Slice of Life Writing Challenge – Two Writing Teachers

Cuba: Past – Present – Future

Ah Cuba! A Country Frozen In Time does not begin to cover it.

The varying architecture of neo-classic is next door to art deco and Spanish moorish influences  through mid-century modern is amazing in its unique beauty. It is also in sharp contrast with the appalling decrepit state so many of those same structures that is Havana. Crumbling exterior walls, layers of peeling paint it is like viewing photos of beautiful old abandoned; haunted buildings, only the people still live there. There is no homelessness per se as everyone one has a solid roof over their heads. However, the state of that roof and the rest of the structure varies from completely renovated and structurally sound, through passing fair, to just barely habitable depending on the finances –or lack thereof- for the home dweller. So much of Havana reminded me of the initial squalor of the squatters who took over abandoned buildings in the late 70s early 80’s. And very much like those squatters maintain and rebuild the best that they can, with whatever skills, funds and/or ingenuity they can muster to do so. And that spirit is also Havana’s beauty. What has held them together during this Cold War and embargo with the US.

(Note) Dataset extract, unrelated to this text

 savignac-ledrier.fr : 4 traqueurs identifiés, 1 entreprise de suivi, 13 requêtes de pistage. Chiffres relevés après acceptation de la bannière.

Cienfuego and (almost typed “y” instead of “and” there), Trinidad are unique beautiful places unto themselves. While still poor, they  almost look more affluent than some parts of Havana because they do not have the massive amounts of three – four hundred years old architecture

The Cubano view of Americans is mixed. Most seem to like that we’re finally coming back. Others have said to our faces “I hate America”. And though they toe the party line and deny it to a person, like America, racism and classism rears its ugly head here as well.

Believe me Cuba is colorful and vibrant and so very much alive.  There is art everywhere; plazas and parks with sculptures, and beautiful murals along walls. You turn a couple of corners and there is something to capture your attention. Of course there are bars a plenty and I had to visit Floridita, a favored haunt of Ernest Hemingway and birthplace of the frozen daiquiri. Nearly every restaurant had live music, every plaza had something to sell, and every other street had something to buy.

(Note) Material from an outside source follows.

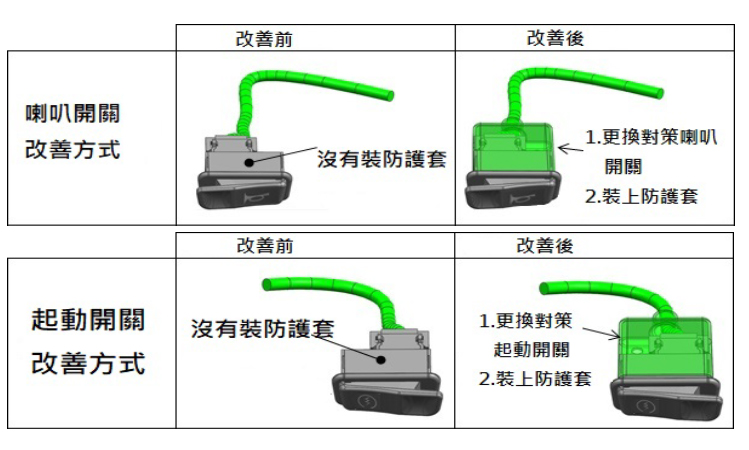 Address 110 喇叭開關&起動開關改正車輛之區分辨別圖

As such, you can already see where the beginning of capitalism is rearing its head. Iberostar has hotels in Havana and Trinidad, Cuba. A Four Point Sheraton is being built in Havana as I type. There are several fancy hotels in cThere is new construction or buildings being renovated throughout. Showy restaurants whose owners clearly have access to foreign –read American- coin dot the calles, alongside the more homespun dining fare. Citizens having private businesses have only been a recent advent in Cuba, creating a pseudo middle-class of sorts. I am praying Cuba will not go the route of some of its sister Caribbean islands where there will be tourist only places and/or areas of affluence, while the average citizen lives far below the poverty line.

Oh! And let’s not forget about the vintage American cars. After decades of mileage and eco conscious cars here in the states seeing a fleet of huge, all metal, shiny classic American cars still running the roads is indeed a sight to behold! Talk about they don’t make them like they used to?! These things are tanks. Painstakingly restored and maintained they are things of beauty. It is more impressive when you consider they do not have easy access to parts for these cars. If something breaks they have to fabricate much of what they need to repair it. Many are privately owned and used as tourist taxis. Even so, they have fun with the vehicles as the bubble gum pink Hello Kitty taxi I saw attests to.

 

I have taken a ton of pictures, but not nearly enough. I have seen some of Cuba, but not nearly enough. I’d like to return in a few years to see the differences.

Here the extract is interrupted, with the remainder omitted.